Friday, December 31, 2004

Metropolis (2002)

* * * * (out of four)
Seen (again) 26 December 2004 in Jay's Living Room (DVD)

There are a great many good movies made every year. There aren't quite so many great ones, but they've accumulated, so there are great movies to be seen on a regular basis. Enough that I don't always remember the initial impression a masterpiece. I remember exactly what went through my mind as I walked out of the Kendall Square theater on 2 February 2002: "I want to see this again. Right now!."

Putting the DVD in the player a few years later, I initially find that my excitement has waned a bit. The opening is still majestic, and Toshiyuki Honda's score is still jazzy and fun. That soundtrack has been in whichever CD player I'm near ever since the film's US release, because it's so incongruous: We've grown to expect science fiction to be scored with a symphony, or something electronic, but instead the Metropolis Committee hired a jazz sax player, and he creates a group of themes that are flexible enough to show the bustle of a vibrant city, a foreboding of danger, and hope after disaster. But, somehow, since the last time I saw it, I lost my affinity the Tezuka-styled character designs. I maybe giggled a little at the movie's attempts at profundity.

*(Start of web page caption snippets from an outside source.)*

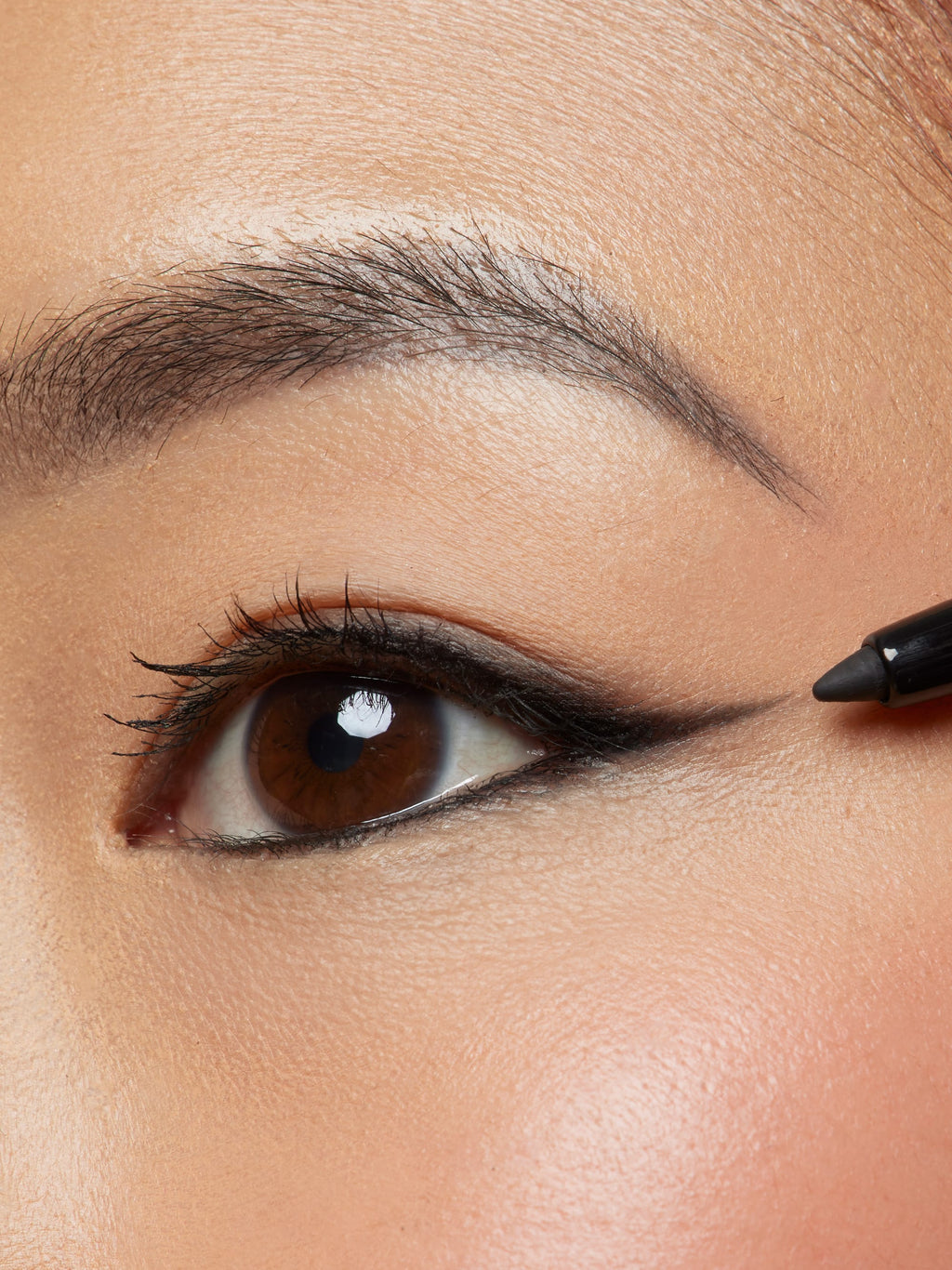sex kitten eyeliner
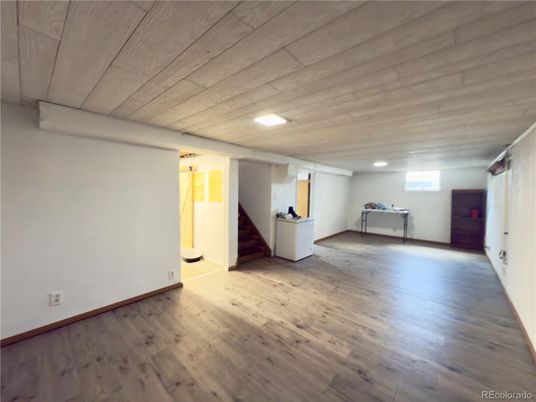 Empty room, Interior, Recessed Lighting, Wooden Ceilings, Wood Texture Flooring
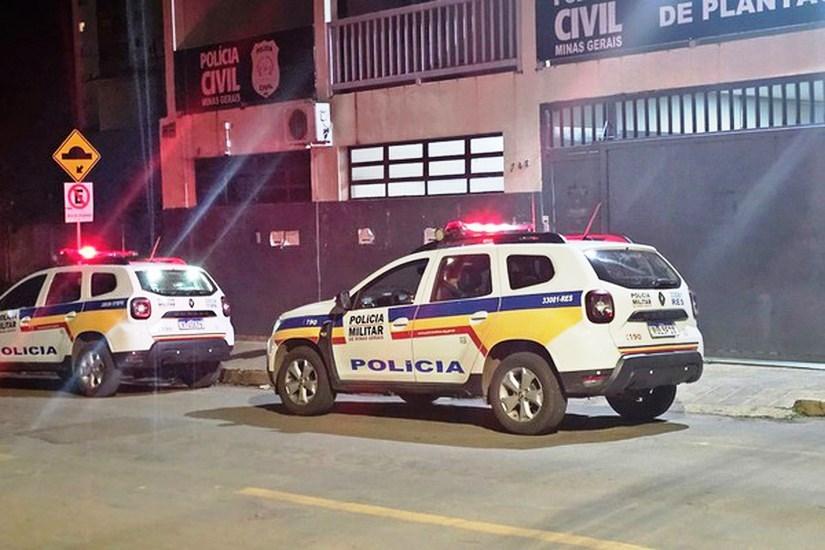 FILHO É PRESO POR AMEAÇAR CORTAR O PESCOÇO DA PRÓPRIA MÃE EM PATOS DE MINAS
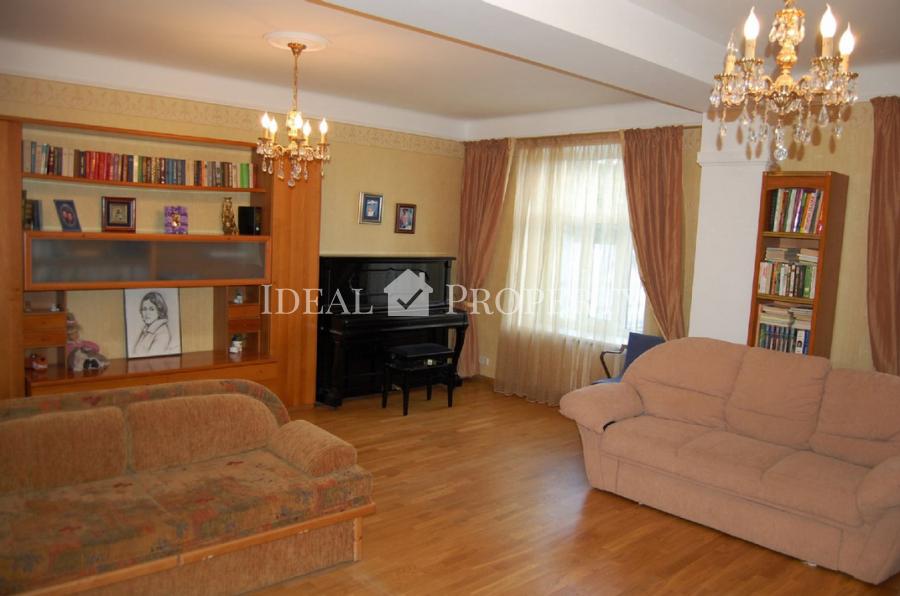 Five-room apartment in the Embassy area.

But after a while, that cynicism wears off. Screenwriter Katsuhiro Otomo (famous in his own right for Akira packs the movie full of story, suggesting that what's happening is the culmination of much more, and making our view of a detailed fantasy world comprehensible without sacrificing its complexity. Director Rintaro does one of the best-ever jobs of integrating cel and CGI animation, and that's no simple task; in adapting one of Osamu Tezuka's early works (in an interview on the DVD, Rintaro and Otomo admit that they'd wanted to make Metropolis for years but Tezuka nixed it while he was alive), the cel-animated characters retain their cartoonish style while many of the environments are highly-detailed, built to awe.

The story is what you make of it - Ban, a detective, and his nephew Kenichi arrive from Tokyo hunting for Laughton, a mad scientist. Little do they know that this scientist is in the employ of Duke Red, the city's foremost citizen and architect of its gleaming new Zigguraut, who has a contentious relation with Rock, a robot-hunter who thinks of Red as his foster father. The lab is destroyed, Ban and Kenichi are separated, and Kenichi finds himself in the company of Tima, an android built by Laughton for Red, with both initially unaware that Tima is anything other than a human girl. As Ban and Kenichi try to re-unite, they find themselves in the midst of a battle for control of the city. And then...

And then, Ray Charles. Ray Charles shows up on the soundtrack in a moment of musical audacity that must be seen and heard to be believed, but as much as the song ("I Can't Stop Loving You") seems to contradict what's happening on screen, it cuts right to the heart of the movie: A boy who loves a robot even as its human exterior and heart is stripped away, a son who loves the father who won't acknowledge him, and a man obsessed with his lost daughter to the point of recreating her. It's an action scene built to make the audience cry.

And it does. By the end of the movie, I want to see it again, because it's just that fantastic, no matter what foolish doubts I'd had an hour and a half earlier.